Recently-released test results reveal that old hazardous waste disposal sites inside Badger Army Ammunition Plant are continuing to impact groundwater, prompting area residents to ask for a more proactive approach to cleanup and improved public outreach.
Citizens for Safe Water Around Badger (CSWAB) is asking that the Army reinstate regular testing of certain drinking water wells located in the path of a groundwater contaminant plume that has migrated beyond the southern plant boundary and is discharging to the Lower Wisconsin Riverway at Prairie du Sac. The group is also recommending that steps be taken to identify and better control the sources of persistent groundwater contamination in the Towns of Merrimac and Sumpter.
According to state health officials, all residential wells tested by the Army continue to be safe to use. However, several residential wells south of Badger have been completely dropped from regular testing by the Army. CSWAB believes this testing should be reinstated because groundwater monitoring wells south of the plant boundary are detecting high levels of ethyl ether and groundwater conditions are expected to change as portions of the groundwater cleanup system are shut down. In September 2014, ethyl ether was detected in groundwater beyond the plant boundary at 3,200 parts per billion (ppb). The health-based standard for ethyl ether is 1,000 ppb.

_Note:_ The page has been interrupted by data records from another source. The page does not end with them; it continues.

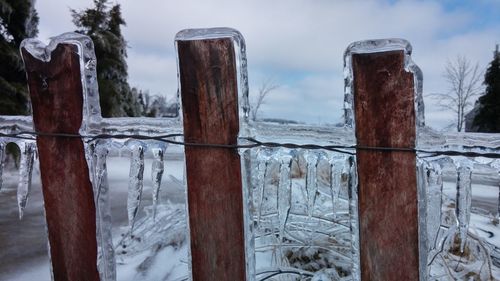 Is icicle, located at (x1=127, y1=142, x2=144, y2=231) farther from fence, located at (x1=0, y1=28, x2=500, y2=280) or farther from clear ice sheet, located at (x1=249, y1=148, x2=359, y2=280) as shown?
clear ice sheet, located at (x1=249, y1=148, x2=359, y2=280)

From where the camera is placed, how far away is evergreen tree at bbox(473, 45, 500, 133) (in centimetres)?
1606

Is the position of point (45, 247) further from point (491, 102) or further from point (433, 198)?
point (491, 102)

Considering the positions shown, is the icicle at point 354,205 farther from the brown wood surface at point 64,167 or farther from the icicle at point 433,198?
the brown wood surface at point 64,167

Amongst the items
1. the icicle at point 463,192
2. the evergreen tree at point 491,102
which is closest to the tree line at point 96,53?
the icicle at point 463,192

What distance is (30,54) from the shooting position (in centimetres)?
133

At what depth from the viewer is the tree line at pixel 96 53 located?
847cm

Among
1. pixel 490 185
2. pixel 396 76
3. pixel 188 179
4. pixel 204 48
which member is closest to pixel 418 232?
pixel 396 76

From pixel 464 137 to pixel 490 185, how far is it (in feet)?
19.6

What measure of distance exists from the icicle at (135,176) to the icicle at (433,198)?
0.98 metres

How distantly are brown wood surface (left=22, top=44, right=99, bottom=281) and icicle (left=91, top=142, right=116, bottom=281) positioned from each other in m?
0.03

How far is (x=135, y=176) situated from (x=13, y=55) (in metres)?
8.99

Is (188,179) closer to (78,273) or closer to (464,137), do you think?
(78,273)

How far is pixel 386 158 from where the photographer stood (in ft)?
3.58

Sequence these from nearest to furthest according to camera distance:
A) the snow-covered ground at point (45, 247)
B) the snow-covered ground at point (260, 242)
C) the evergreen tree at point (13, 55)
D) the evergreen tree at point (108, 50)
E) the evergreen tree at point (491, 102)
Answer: the snow-covered ground at point (260, 242) → the snow-covered ground at point (45, 247) → the evergreen tree at point (13, 55) → the evergreen tree at point (108, 50) → the evergreen tree at point (491, 102) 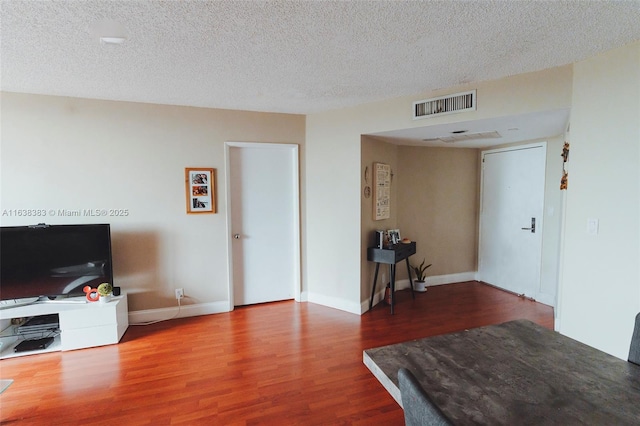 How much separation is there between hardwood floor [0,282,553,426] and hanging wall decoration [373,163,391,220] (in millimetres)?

In late 2014, Army testing detected the explosive DNT at concentrations more than 100 times the groundwater standard at the northeast corner of Badger in the Town of Merrimac. The exceedances in this and other nearby groundwater monitoring wells indicates that the landfill cap installed at the Deterrent Burning Grounds more than a decade ago is not effectively preventing soil contaminants from migrating to groundwater. Outside the plant boundary, a groundwater monitoring well at Weigand’s Bay North detected DNT at 0.041 ppb, approaching the health-based groundwater standard of 0.05 ppb.
At the southeast portion of Badger, CSWAB is asking that the Army be required to locate the source of a groundwater contaminant plume which has moved beyond the plant boundary at Gruber’s Grove Bay in the Town of Sumpter. Test results in September and November of 2014 indicate that DNT was detected in groundwater above health-based standards. The Army has yet to define the origin of this Central Plume, preventing active cleanup at the source.
Closer to the Baraboo Hills at the northwest corner of the plant, CSWAB is asking that the Army be required to identify another unidentified source of explosives contamination in groundwater. Like other areas at Badger, the principal contaminant of concern is DNT. Detected levels were as high as 0.094 ppb, exceeding the groundwater standard of 0.05 ppb for total DNT. DNT is considered a probable human carcinogen based on findings of cancer in animal studies. Groundwater monitoring has been discontinued altogether in this area, according to recent Army reports.
Given these considerations, CSWAB has asked the Wisconsin Department of Natural Resources to host a public informational meeting on groundwater conditions in and near Badger. In the interim, CSWAB has published two maps showing a summary of groundwater exceedances and changes in groundwater monitoring.
BACKGROUND: The Deterrent Burning Grounds area was used by the Army as a demolition debris landfill and for the open burning of explosive wastes, structural timbers, asphalt shingles, cardboard, papers, and office waste. In 1999 and 2000, the top 15 feet of contaminated soil in the pits was removed and disposed off-site. A landfill cap was installed over the area in 2003. A passive biotreatment system was removed and the cap restored to an impervious condition in 2012, according to the Army’s Installation Action Plan for Badger. The Deterrent Burning Grounds area is located in the northeast corner of Badger in the Town of Merrimac.